Traducido del ucraniano por Svitlana Bregman

Esta historia forma parte de una serie de ensayos y artículos escritos por artistas ucranianos que decidieron quedarse en Ucrania después de la invasión a gran escala de Rusia el 24 de febrero de 2022. Esta serie se produce en colaboración con la Asociación Folkowisko/Rozstaje.art, gracias al cofinaciamiento de los Gobiernos de República Checa, Hungría, Polonia y Eslovaquia a través de una subvención del Fondo Internacional de Visegrado. La misión del fondo es promover ideas para la cooperación regional sostenible en Europa Central.

No es que no creyera en la posibilidad de una invasión rusa a gran escala. Simplemente no quería aceptarlo. No deseaba perturbar el curso regular de mi vida. Para mí, no hay nada mejor que mis rituales diarios: entrenamientos matutinos, trabajo durante el día en textos, una noche con un libro y una copa de vino seco, conversaciones con mi esposa sobre creatividad y criar a nuestro hijo, queridos amigos que vienen de visita y traen prosecco… Pero luego sucedió: la invasión. No quería experimentar el frío, el hambre, el miedo o la ira. Un hogareño introvertido como yo no estaba preparado para tales pruebas. No podía imaginar algo peor que tener que quedarme con un grupo de extraños, luchando como soldado.
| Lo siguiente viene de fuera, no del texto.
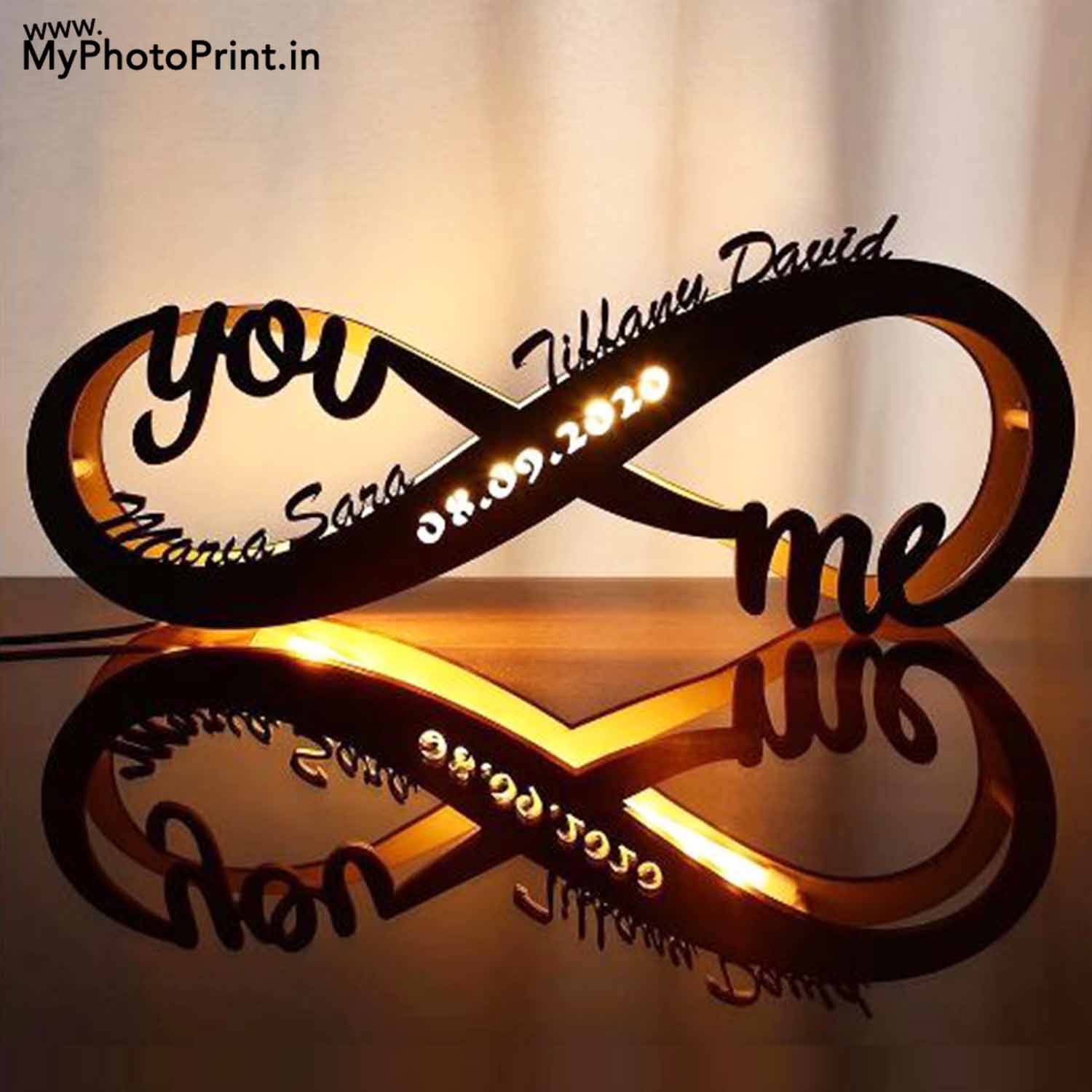 Customized Couple Infinity Wooden Name Board Multi Color Led and Remote#2109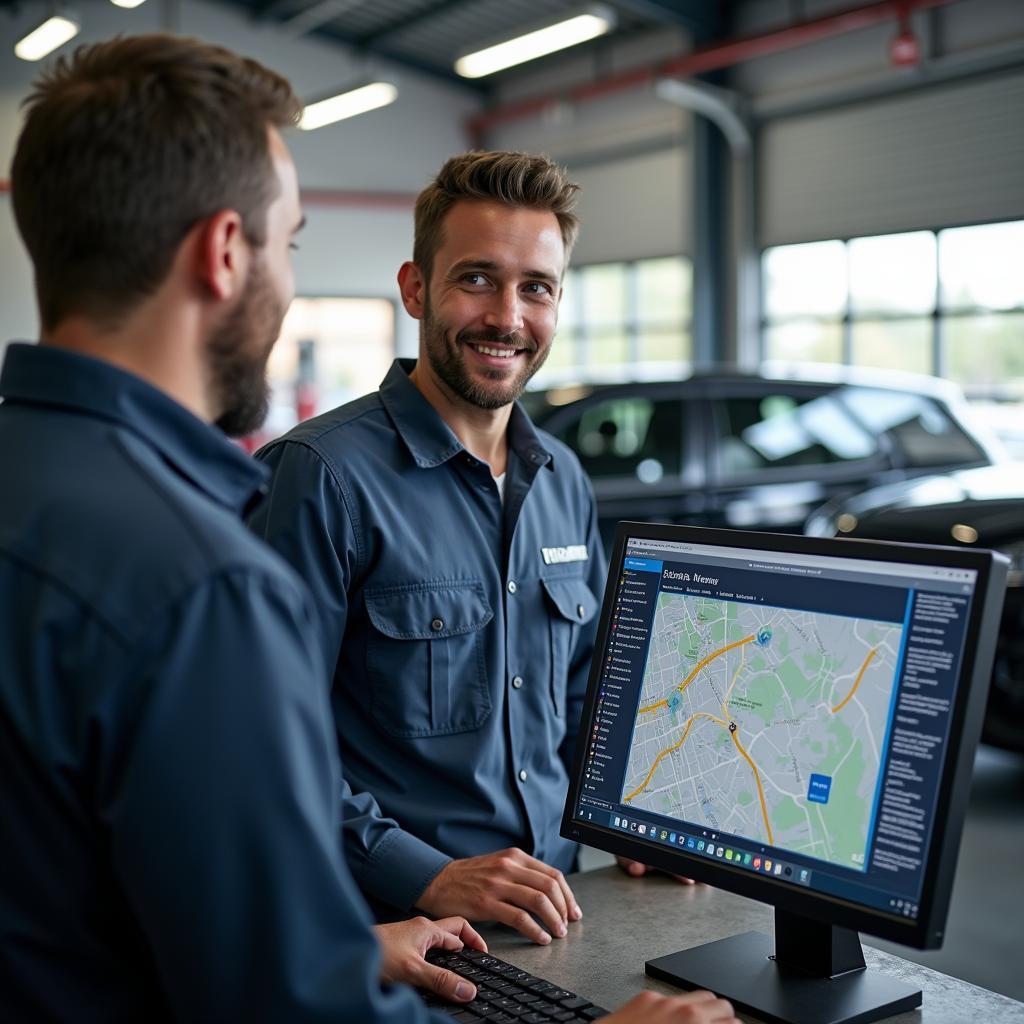 Garagemedewerker adviseert klant over GPS trackers.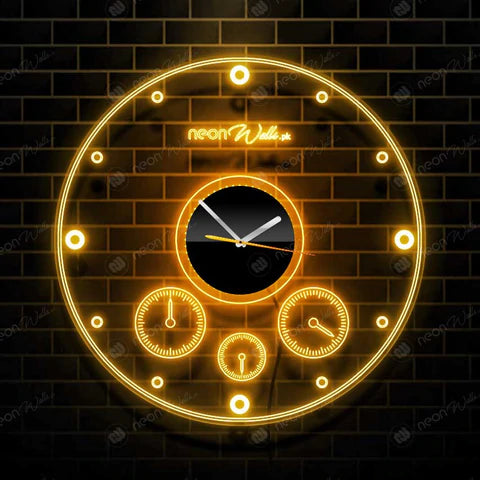 ACRYLIC MODERN NEON WALL CLOCK WITH NEON LED BACKLIGHT - NLA-091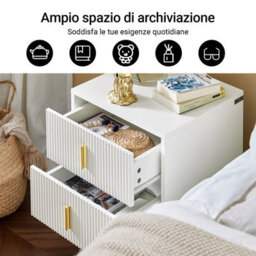 Sobuy Fbt115-Wx2, Bedside Table With 2 Drawers 63X46.5X47.3Cm Functional ,white,w63Xd46.5Xh47.3 - thumbnail 5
He experimentado esto antes. La socialización forzada en la edad adulta es deprimente cuando estás rodeado de personas que en su mayoría no son almas afines. Y seguramente entiendes perfectamente que es su derecho natural ser diferentes. En la guerra, uno debe adaptarse a las circunstancias y encontrar un lenguaje común con aquellos con quienes nunca te asociarías en la vida civil, obedecer a quienes te disgustan y dan órdenes a aquellos en quienes desconfías.

Sí, ya había pasado por esto antes. En 2015, cuando me uní a las Fuerzas Armadas de Ucrania, cuando comenzó la guerra en el este, conocí a un minero de la región Dnipropetrovsk que se convirtió en un hermano para mí; un investigador criminal de la región de Cherkasy con quien aprendí a encontrar un lenguaje común; una pandilla de gopniks clásicos del sur a quienes inicialmente evitaba, aunque su valentía finalmente me ganó respeto; chicos de Podillva que me enseñaron la filosofía simple de los agricultores y me mostraron cómo amar y notar la sutil belleza, como el canto de los pájaros, los patrones de huelo en las ventanas del automóvil y el silencio de las estepas de Dombás. Pero todo llegó más tarde, después de semanas e incluso meses de chocar como el roce de metales.

En esta ocasión, durante la guerra a gran escala, se sumaron otras personas. Resultaron ser de mi tipo de gente. En teoría, incluso antes de febrero de 2022, podía tomar vino tinto californiano en mi cocina con ellos. Mi batallón está compuesto principalmente por habitantes de la ciudad capital y, a pesar de nuestras diferentes situaciones sociales, opiniones políticas y trasfondos culturales, tenemos más cosas en común que diferencias. Después de todo, la mayoría somos de la misma cosecha y maduramos en condiciones similares. El distrito de Syrets en Kiev de la década de 1990 no difería mucho de mi distrito natal «D» en Cherkasy. Nuestra educación secundaria general nos brindó oportunidades bastantes equitativas, aunque cada uno eligió su propio camino.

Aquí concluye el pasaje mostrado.